Thermosetting polyurethane flexible foams are known to have a very widespread application and u. a. also used in the automotive sector and in the furniture industry. The quality of the customary as seat or backrest cushion polyurethane flexible foam is largely determined by their density. Regardless of the nature of the raw materials (polyols / isocyanates) which can be used for the production of hot-formed foams, a specific density level has proven to be expedient and practical for the various applications and the associated requirements, but in particular with regard to the most favorable permanent use properties.

For the raw density to be achieved, the water content of the combination of raw materials is mainly determining, with amounts of water of up to 5 (usually 2.5-3, E) parts by weight per 100 parts of polyol being considered typical, depending on the desired bulk density level.

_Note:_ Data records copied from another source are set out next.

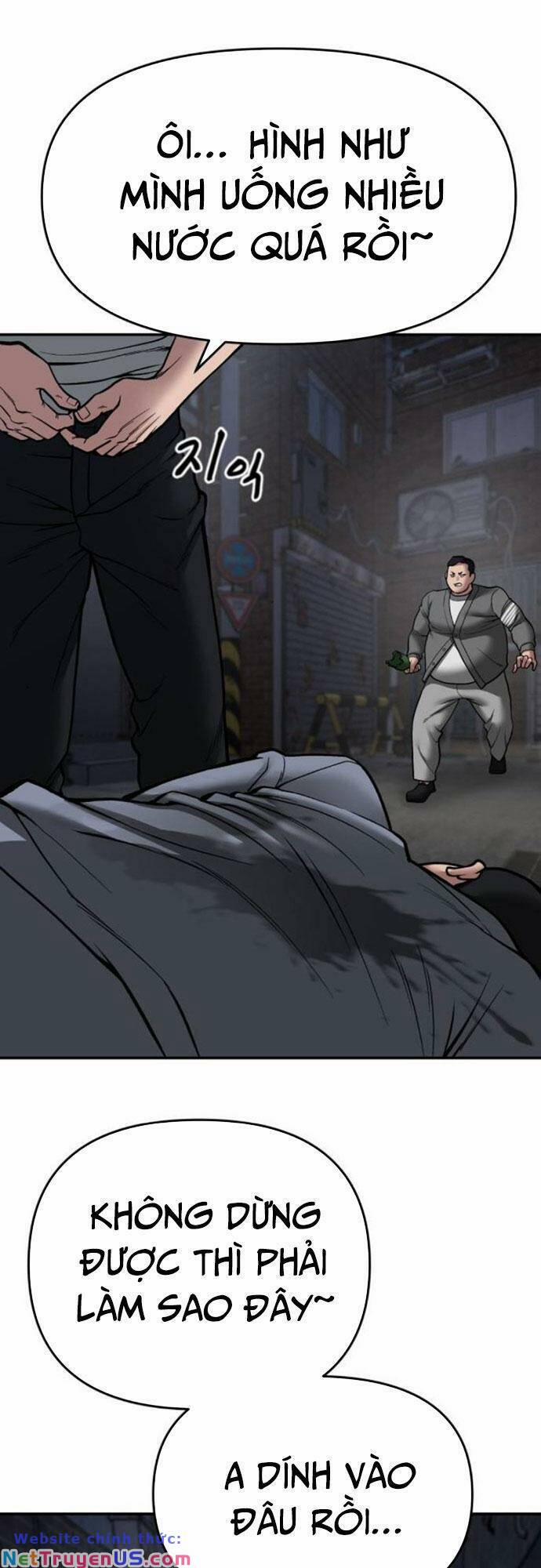 Quản Lí Du Côn 73 trang 98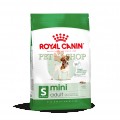 Royal Canin Mini Adult 1 kg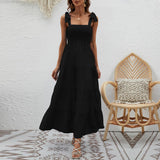 Women Dress Socialite Hot Girl Dress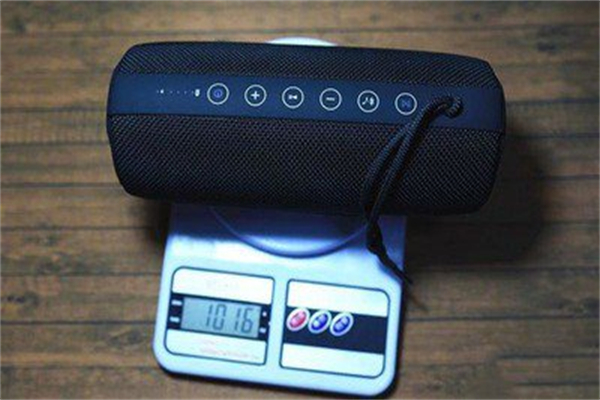 朗琴音箱 朗琴音箱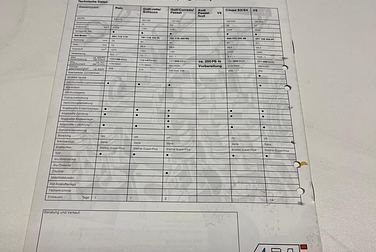 #<Image:0x00007f8f006ecbc0>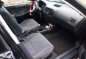 Honda Civic 1996 for sale-0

As it turns out, the lower densities often desired for reasons of weight and cost savings, depending on the use of foam, can only be achieved in exceptional cases by increasing the water content beyond the indicated amounts. The reason for this lies in the fact that with increasing water content (> 3.5 parts by weight, per 100 parts by weight of polyol), the catalytic coordination of the chemical reactions (polymer formation / gas formation), which is indispensable for the foaming process, becomes more difficult and the overall processing latitude greatly reduced becomes. In addition to problems with skin texture (mold temperature / release agent) and foam stability results in particular an impairment (= limitation) of the performance index scope. For these reasons, desired or required reductions in the bulk density are preferably achieved by the use of physically acting blowing agents {ζ. Β.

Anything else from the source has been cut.